Playing with reality

The background to Stanton’s work is that people with chronic pain often have altered physical self-awareness or a distorted perception of their painful body part, such as feeling that their affected limb is larger or more swollen than it actually is.

“It is like when you have been to the dentist and have had your lip frozen - your lip feels huge but, in reality, it is not,” said Stanton. “We know, for example, that people with hand osteoarthritis often perceive their hand as smaller than it is, and when shown pictures of their own hand that has been altered in size, they will often choose a smaller picture as most visually representative, compared with what healthy controls choose.”

What causes this perception in terms of neuroscience is not clear. According to Stanton, brain imaging studies in patients with chronic pain have provided some hints.

A manipulated image of a person’s stretched finger.

These studies show reorganisation, or changes to the brain’s representation of a body part, in certain areas of the brain that we believe to be involved in spatial perception. For example, areas such as the primary somatosensory cortex, that allows a person to know where they are being touched, show functional reorganisation.
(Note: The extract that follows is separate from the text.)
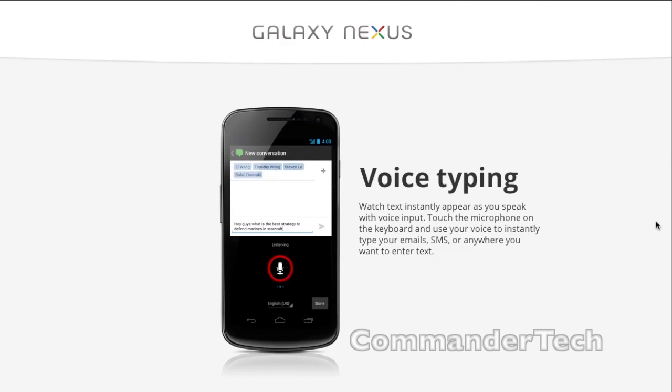Next is voice typing. Watch text instantly appear as you speak with voice input. Touch the microphone on the keyboard and use your voice instantly to type your emails, SMS, or anywhere you want to enter text.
Indeed, in his 2011 paper, Newport suggested that the illusion-induced reduction in pain for patients with hand osteoarthritis possibly represented a correction of this inaccurate perception of the painful body part - thus removing the incongruence between what is real and what is felt (a factor thought to contribute to pain).
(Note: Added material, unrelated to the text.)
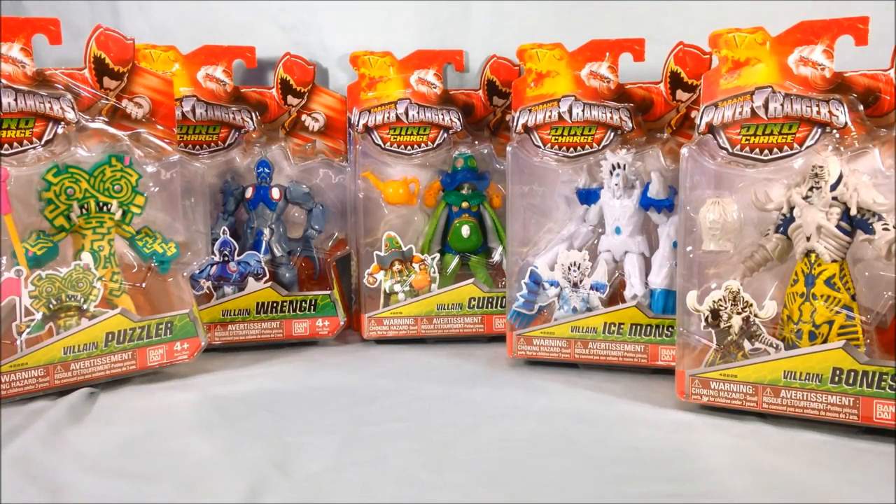Hello everyone, and welcome to Long's Toys. I have a Power Rangers Dino Charge review for you today. This is the first wave of the villain figures, which I think is wave five, if I remember correctly, with wave one being the five normal rangers, wave two being Fury and Vivix, wave three was pretty much just the Dino Charge Megazord, and then wave four was the Dino Drive figures — I'm sorry, the Dino Drive figures were in wave four — so I'll refer to these as villains wave one or something like that.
And, according to Stanton, that opens the door for different, non-pharmaceutical and non-invasive treatment options for chronic pain, especially for people in whom movement is painful and drugs no longer work.

Getting down to business

Stanton is now recruiting people with painful knee osteoarthritis for the multi-sensory illusion studies.

“We will get each participant in a few times initially and determine how various illusions affect their pain levels. We will then extend this work with the osteoarthritic patients by completing brain-imaging studies. Currently, we are looking at brain activity in pain-free healthy controls using electroencephalography (EEG) to establish what is going on in the brain during these various illusions.” Not a lot of work has been done in this area so all of it will be informative.

In a big boost to this part of the project, Stanton recently received an international travel award from the University of South Australia to visit Professor Robert Coghill, who heads one of the top neuroimaging labs in the United States. Stanton plans to use their functional magnetic resonance imaging (fMRI) facilities to find out more about the analgesic effects of multi-sensory illusions on osteoarthritic pain.

“The fMRI will allow us to actually visualise activity in discrete areas of the brain following a specific event or, in this case, an illusion.”

What Stanton does next and into the future will be determined by these early illusion and imaging studies. There is certainly a lot of very basic work to be done, but hopefully scientists like Stanton will gain some practical insights into how sensory perception in the brain could be harnessed to alleviate pain … and everybody can be less frustrated.

Tasha Stanton is a Canadian Institutes of Health Research postdoctoral research fellow working conjointly at the University of South Australia in Adelaide and Neuroscience Research Australia in Sydney. Stanton completed her PhD in 2010 at The George Institute of Global Health through the University of Sydney and received her original training as a physiotherapist at The University of Alberta, Canada (BScPT, MScRS).